Short web captions:
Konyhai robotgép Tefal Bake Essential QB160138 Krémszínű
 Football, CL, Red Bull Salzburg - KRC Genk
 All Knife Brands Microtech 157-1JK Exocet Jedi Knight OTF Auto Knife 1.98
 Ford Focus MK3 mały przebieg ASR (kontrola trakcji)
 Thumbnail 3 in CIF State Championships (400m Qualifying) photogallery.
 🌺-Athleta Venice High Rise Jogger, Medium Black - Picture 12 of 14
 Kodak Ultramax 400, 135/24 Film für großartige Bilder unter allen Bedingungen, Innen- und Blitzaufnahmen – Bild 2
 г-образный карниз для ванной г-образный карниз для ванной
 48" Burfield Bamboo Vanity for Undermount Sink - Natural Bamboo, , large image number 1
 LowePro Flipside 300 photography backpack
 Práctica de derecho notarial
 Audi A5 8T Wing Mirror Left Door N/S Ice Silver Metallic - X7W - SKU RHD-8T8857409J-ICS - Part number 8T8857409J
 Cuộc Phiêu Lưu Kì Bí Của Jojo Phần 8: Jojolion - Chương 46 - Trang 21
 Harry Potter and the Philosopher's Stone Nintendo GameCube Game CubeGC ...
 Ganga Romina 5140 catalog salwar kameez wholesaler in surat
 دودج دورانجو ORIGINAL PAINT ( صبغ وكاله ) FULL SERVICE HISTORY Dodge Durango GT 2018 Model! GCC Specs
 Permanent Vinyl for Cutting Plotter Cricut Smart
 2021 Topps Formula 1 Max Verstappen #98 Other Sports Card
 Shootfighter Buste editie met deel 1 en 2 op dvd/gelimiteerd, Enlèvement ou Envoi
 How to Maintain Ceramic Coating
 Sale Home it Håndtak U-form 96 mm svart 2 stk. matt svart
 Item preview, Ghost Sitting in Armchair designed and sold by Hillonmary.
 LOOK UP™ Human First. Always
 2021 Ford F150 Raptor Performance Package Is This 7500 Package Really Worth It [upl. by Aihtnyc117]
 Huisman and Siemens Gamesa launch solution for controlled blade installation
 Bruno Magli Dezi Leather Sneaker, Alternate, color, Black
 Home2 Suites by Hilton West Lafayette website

• WHAT YOU HAVE TO DO: For the records above, restate every line word for word.

• EXERCISE ANSWER:
Konyhai robotgép Tefal Bake Essential QB160138 Krémszínű
 Football, CL, Red Bull Salzburg - KRC Genk
 All Knife Brands Microtech 157-1JK Exocet Jedi Knight OTF Auto Knife 1.98
 Ford Focus MK3 mały przebieg ASR (kontrola trakcji)
 Thumbnail 3 in CIF State Championships (400m Qualifying) photogallery.
 🌺-Athleta Venice High Rise Jogger, Medium Black - Picture 12 of 14
 Kodak Ultramax 400, 135/24 Film für großartige Bilder unter allen Bedingungen, Innen- und Blitzaufnahmen – Bild 2
 г-образный карниз для ванной г-образный карниз для ванной
 48" Burfield Bamboo Vanity for Undermount Sink - Natural Bamboo, , large image number 1
 LowePro Flipside 300 photography backpack
 Práctica de derecho notarial
 Audi A5 8T Wing Mirror Left Door N/S Ice Silver Metallic - X7W - SKU RHD-8T8857409J-ICS - Part number 8T8857409J
 Cuộc Phiêu Lưu Kì Bí Của Jojo Phần 8: Jojolion - Chương 46 - Trang 21
 Harry Potter and the Philosopher's Stone Nintendo GameCube Game CubeGC ...
 Ganga Romina 5140 catalog salwar kameez wholesaler in surat
 دودج دورانجو ORIGINAL PAINT ( صبغ وكاله ) FULL SERVICE HISTORY Dodge Durango GT 2018 Model! GCC Specs
 Permanent Vinyl for Cutting Plotter Cricut Smart
 2021 Topps Formula 1 Max Verstappen #98 Other Sports Card
 Shootfighter Buste editie met deel 1 en 2 op dvd/gelimiteerd, Enlèvement ou Envoi
 How to Maintain Ceramic Coating
 Sale Home it Håndtak U-form 96 mm svart 2 stk. matt svart
 Item preview, Ghost Sitting in Armchair designed and sold by Hillonmary.
 LOOK UP™ Human First. Always
 2021 Ford F150 Raptor Performance Package Is This 7500 Package Really Worth It [upl. by Aihtnyc117]
 Huisman and Siemens Gamesa launch solution for controlled blade installation
 Bruno Magli Dezi Leather Sneaker, Alternate, color, Black
 Home2 Suites by Hilton West Lafayette website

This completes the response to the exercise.